Michel SANCHEZ-CARDENAS
Psychiatre, psychanalyste
Les récits anti-dépressifs :
à propos du Voyage au centre de la terre de Jules Verne
Discutant : Yoann LOISEL
Jules Verne est un auteur souvent un peu déconsidéré. "Daté", "pour les enfants", "simpliste dans ses personnages"... sont des remarques régulièrement faites à son égard. Mais, à y réfléchir, peu nombreux sont pourtant ceux qui ont su, comme lui, faire de leurs héros des mythologies mondiales : d'un bout de la planète à l'autre "Vingt mille lieux sour les mers", "Voyage au centre de la terre", "Le tour du monde en 80 jours", etc. sont connus de tous, et le capitaine Nemo le dispute à Philéas Fogg en matière de célébrité. Il a donc bien fallu que Verne touche à des ressorts inconscients universels pour avoir su gagner une telle notoriété, qui dure depuis son temps.

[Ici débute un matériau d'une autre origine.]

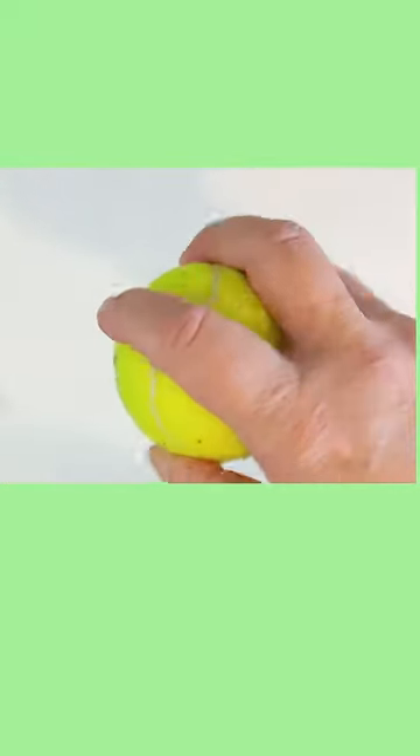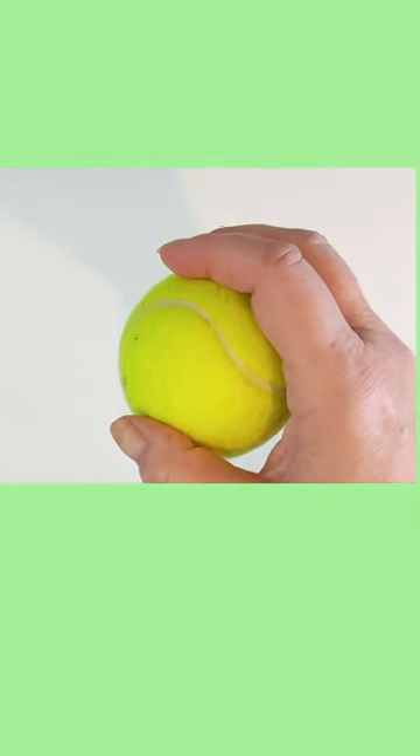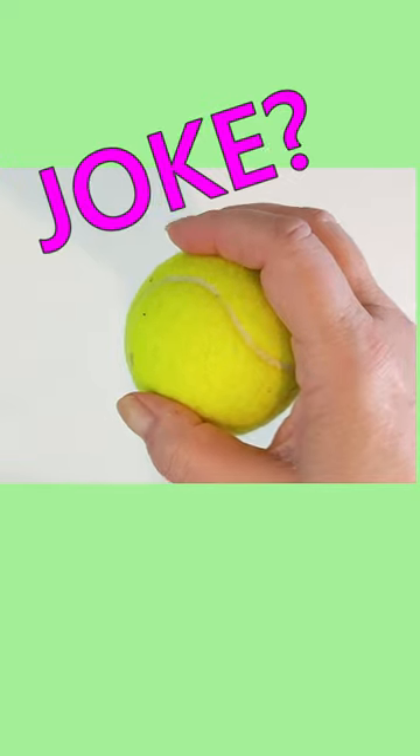Imagine crocheting with this and how bad it is for your hand to be constantly in this sort of position, and how hard it would be to make the stitches. I'm not sure — this may just be a joke, but it's going around.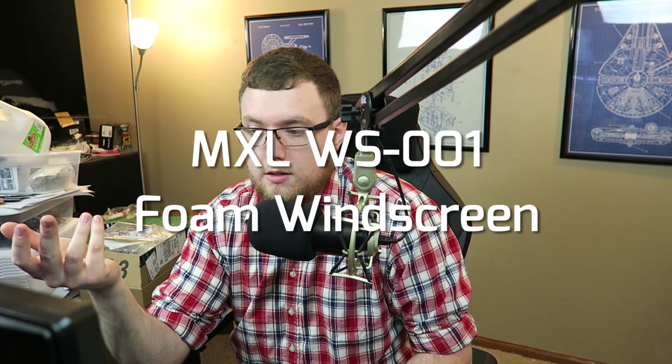On here I have a windscreen from MXL. I'm using it because I like the way it looks — it's just a big foam windscreen. I don't have to worry about plosives or sibilance; I can just talk. It's great for live streaming because I normally move my mic up when I'm eating, and when I bring it back it's not always in the right spot, so it's nice to have that omnidirectional protection.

Mais si des aspects manifestement libidinaux, oedipiens et de maturation adolescente sont sous-jacents Voyage au centre de la terre, c'est surtout sur la présence d'un "récit anti-dépressif" dans le texte que sera centré l'exposé. Ce récit "thérapeutique" passe par une fusion avec l'objet présenté comme perdu au début du livre. Cette réunion avec lui permet d'en faire ensuite véritablement le deuil pour aller vers une autonomie adulte. C'est un processus très souvent utilisé dans la littérature (James Bond contre dr No, Tintin au Tibet, Les aventures d'Alice au pays des merveilles...) et dans la mythologie.
Références bibliographiques
Michel Sanchez-Cardenas (2005). Voyage au centre de la terre-mère. Paris, Albin Michel
Michel Sanchez-Cardenas (2005). Jules Verne's Journey to the centre of the earth. The secret of counterdepressive narratives. Int J Psychoanal 86, 1695-1712.
Michel Sanchez-Cardenas est psychiatre et psychanalyste (SPP). Il vit et travaille à quelques centaines de mètres des lieux qui furent ceux de l'enfance de Jules Verne, à Nantes. A partir du souvenir d'enfance marquant pour lui du Voyage au centre de la terre, il a entrepris de défricher l'inconscient de ce récit. Il utilise en particulier pour cela les concepts d'Ignacio Matte Blanco, génial psychanalyste chilien (encore) trop méconnu dans notre pays.